[Source material — start]

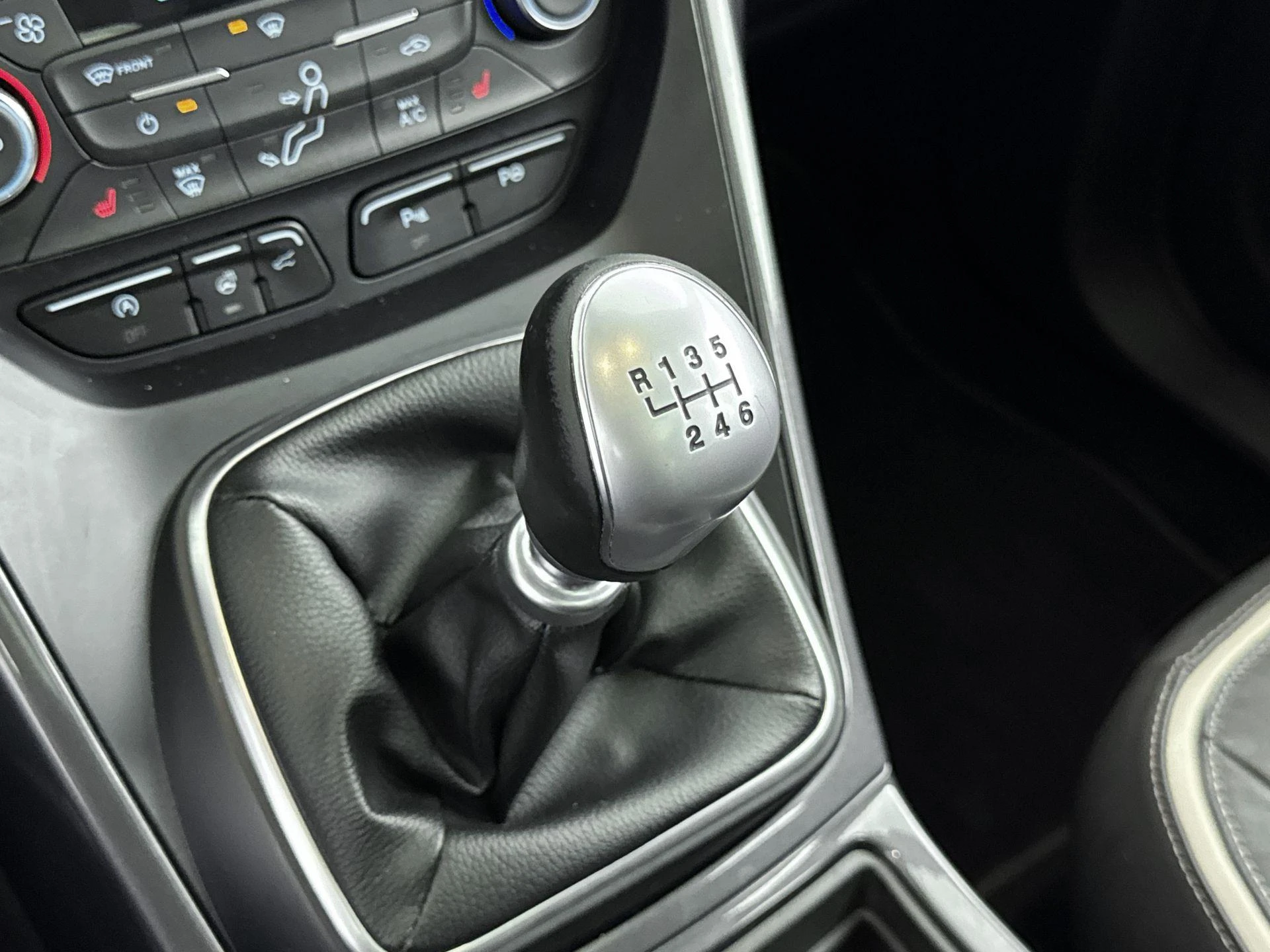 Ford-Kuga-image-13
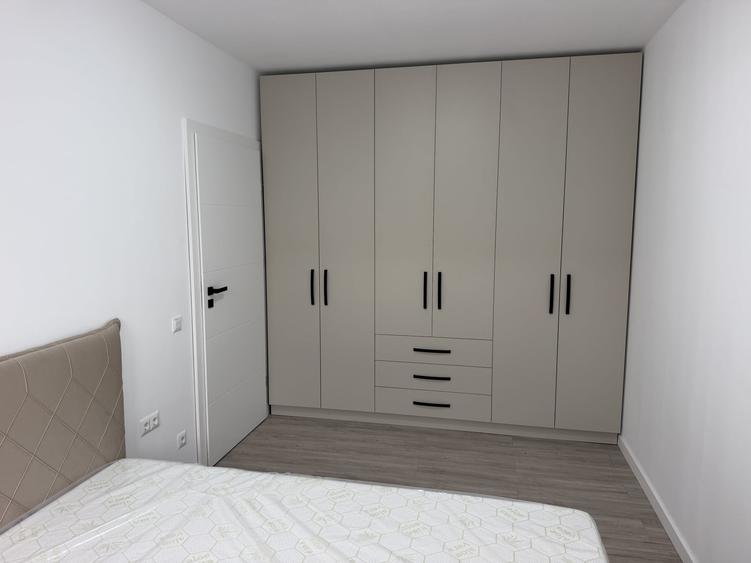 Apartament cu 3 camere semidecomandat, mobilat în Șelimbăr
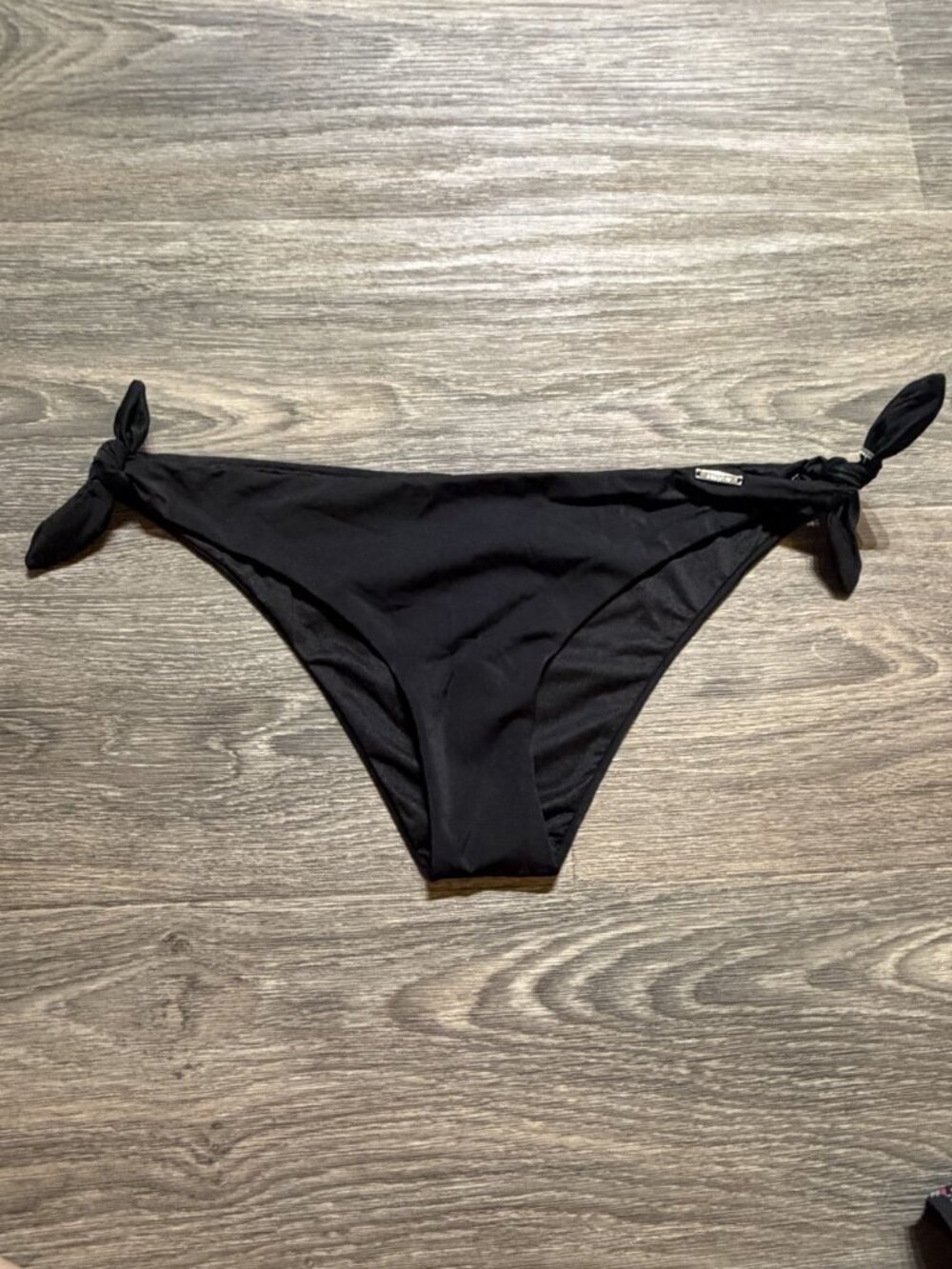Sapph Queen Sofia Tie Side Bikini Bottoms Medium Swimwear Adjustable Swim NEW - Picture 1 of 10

[Source material — finish]

**Task brief:** An exact transcript is required, covering the lines from the one containing "Apartament cu 3" through the end of the listing above, inclusive, without pictures.

**Expected answer:**
 Apartament cu 3 camere semidecomandat, mobilat în Șelimbăr
Sapph Queen Sofia Tie Side Bikini Bottoms Medium Swimwear Adjustable Swim NEW - Picture 1 of 10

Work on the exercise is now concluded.